I Grew an Inch When My Father Died
Philippines, 2026
De P. R. Monencillo Patindol
Durée : 1h13
Sortie : –
Note : ![]()
PAPA EST MORT
Au Philippines, dans un coin de jungle presque coupé du monde contemporain, un drame a lieu. Il a lieu hors-champ, avant le début du fim, et ses détails en sont tus. On entre dans I Grew an Inch When My Father Died en n’en sachant guère plus que ce que savent les trois jeunes protagonistes du film, qui semblent par moments être les seules créatures vivantes à habiter ce coin du monde. Le père de Ge et Kenken vient d’être tué lors d’un règlement de comptes. Le père de Ricor est en vraisemblablement le coupable. A peine entrés dans l’adolescence, ces trois garçons se retrouvent avec un héritage digne d’une malédiction fantomatique sur les épaules. Pourtant, tout va bien ou presque.
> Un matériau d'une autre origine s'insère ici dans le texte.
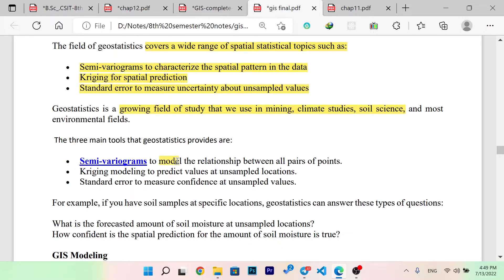Semi-variograms model the relationship between all pairs of points. Kriging modeling predicts the value of unsampled locations. The standard error measures the confidence of unsampled values.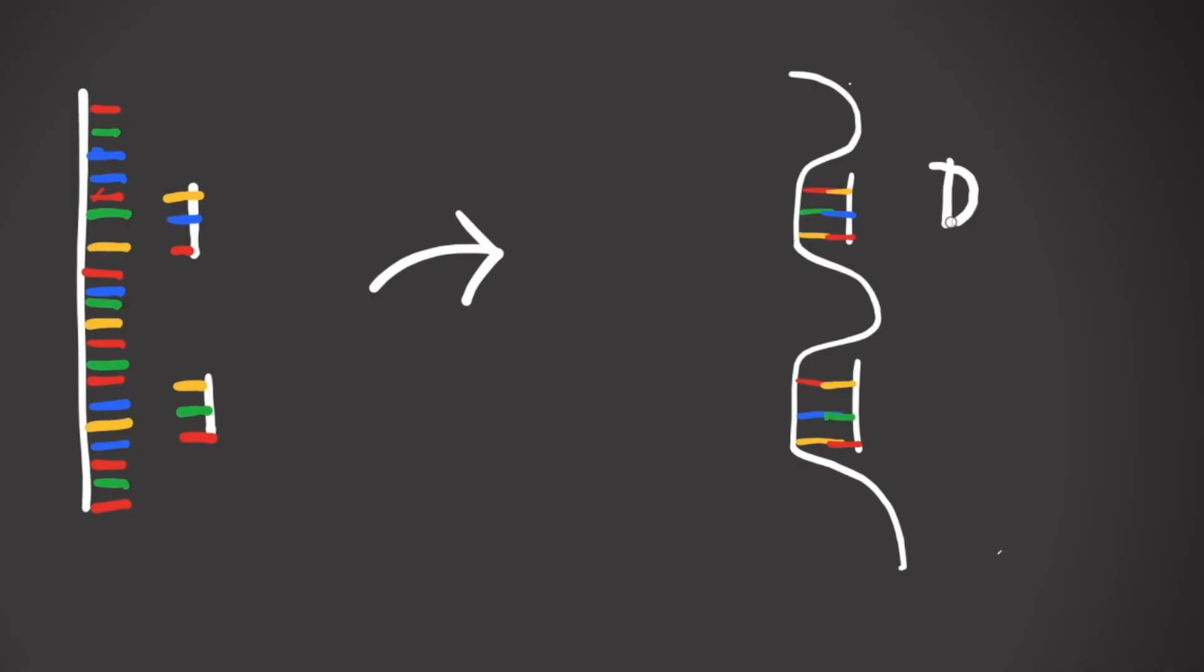When DNA is folded like this, it's called DNA origami. With careful design, you can actually manipulate that single strand of DNA to fold into pretty much any shape you want.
Pour son tout premier long métrage, le cinéaste P.R. Monencillo Patindol ne manque pas d’ambition. Il déjoue les enjeux archétypaux du film de vengeance en privilégiant, plutôt que l’engrenage tragique attendu, une compilation de micro événements et d’errances bucoliques dans les vies de ses personnages. Le film possède en conséquence un rythme immersif très particulier qu’il serait tentant de comparer à l’œuvre de Lav Diaz mais les scènes sont ici très courtes. Le résultat est certes bien exigeant en termes de contemplation, mais la perte de répères narratifs qu’il propose possède paradoxalement une certaine nervosité, à mesure que plans fixes et caméra à l’épaule s’alternent de manière imprévisible.
L’ambition du cinéaste est également visuelle et à ce titre, I Grew an Inch… est une révélation. La jungle est ici non pas en noir et blanc mais baignée d’un monochrome gris délavé jamais vu, où les seules tâches de couleurs (celles des maillots portés par les personnages) sont désaturées jusqu’à faire naître une mystérieuse nostalgie, comme si le film venait d’être redécouvert après avoir été longtemps abandonné dans la jungle. Seul un rouge sang, celui sur les mains des coupables et celui que les victimes fantasment de voir remplacer des rivières entières, vient percer par instants ces étonnants tableaux sortis d’une toute autre époque.
I Grew an Inch When My Father Died pourrait menacer de s’enfermer dans un dispositif formaliste si radical, mais P. R. Monencillo Patindol redresse la barre avec adresse. Sans qu’on le remarque tout de suite, les scènes du quotidien s’étalent sur une période de plus en plus longue et la relation entre les protagonistes évoluent. Sans que cela ait besoin d’être dit explicitement (ce n’est pas comme si le film regorgeait de dialogues de toute manière), Ge et Ricor se rapprochent, s’apprivoisent, se désirent sans doute. Sans jamais changer visuellement, le film se fait plus léger, change de visage à mesure qu’il offre un nouvel horizon à ses personnages qui parviennent à laisser derrière eux le code d’honneur toxique des fantômes paternels.